Exercise brief: Each line of the data below should be restated exactly, with images left out.

Given material:

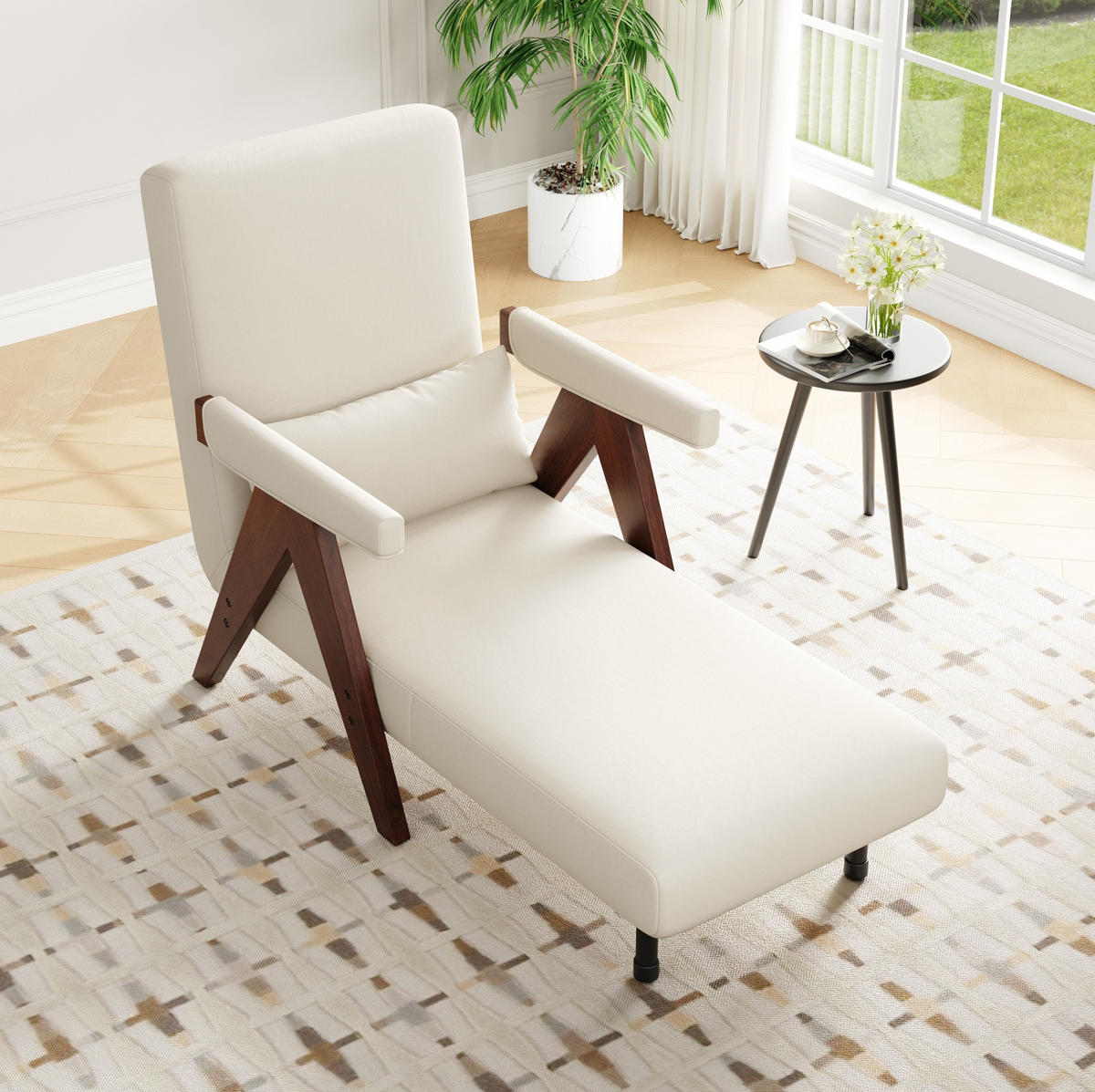 KLAPPSESSEL Leinenstoff 3-in-1 mit 6-fach verstellbarer Rückenlehne 87/64/60 cm Dunkelbraun - Dunkelbraun, Textil (87/64/60cm) - Redom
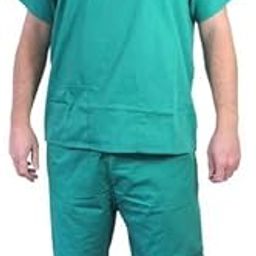 Primestore India Unisex Scrub Suit set V-Neck 3 Pocket Top and Cargo Type Trouser (44 XXL, Sea Green)-6
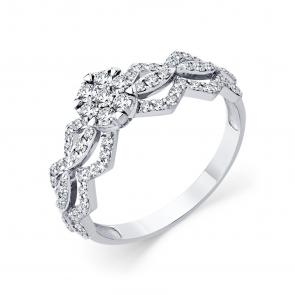 Кольцо из белого золота Мастер Бриллиант с бриллиантом 05M1-209344-00-00 фото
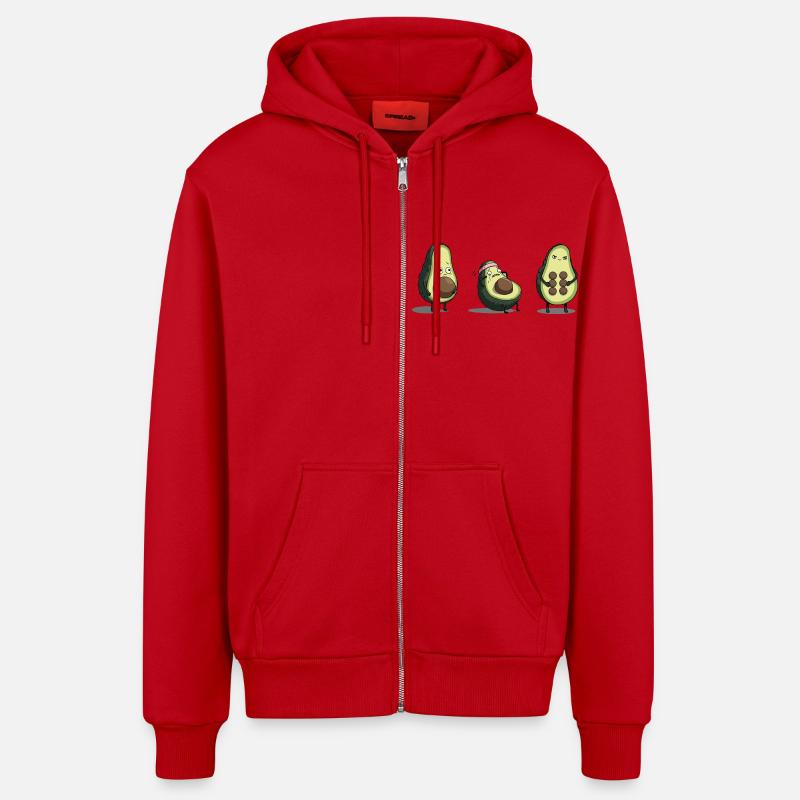 Evolution des Avocado-Körpers - Organic Relaxed Kapuzenjacke Made in EU - Rot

Result for this task:
 KLAPPSESSEL Leinenstoff 3-in-1 mit 6-fach verstellbarer Rückenlehne 87/64/60 cm Dunkelbraun - Dunkelbraun, Textil (87/64/60cm) - Redom
 Primestore India Unisex Scrub Suit set V-Neck 3 Pocket Top and Cargo Type Trouser (44 XXL, Sea Green)-6
 Кольцо из белого золота Мастер Бриллиант с бриллиантом 05M1-209344-00-00 фото
 Evolution des Avocado-Körpers - Organic Relaxed Kapuzenjacke Made in EU - Rot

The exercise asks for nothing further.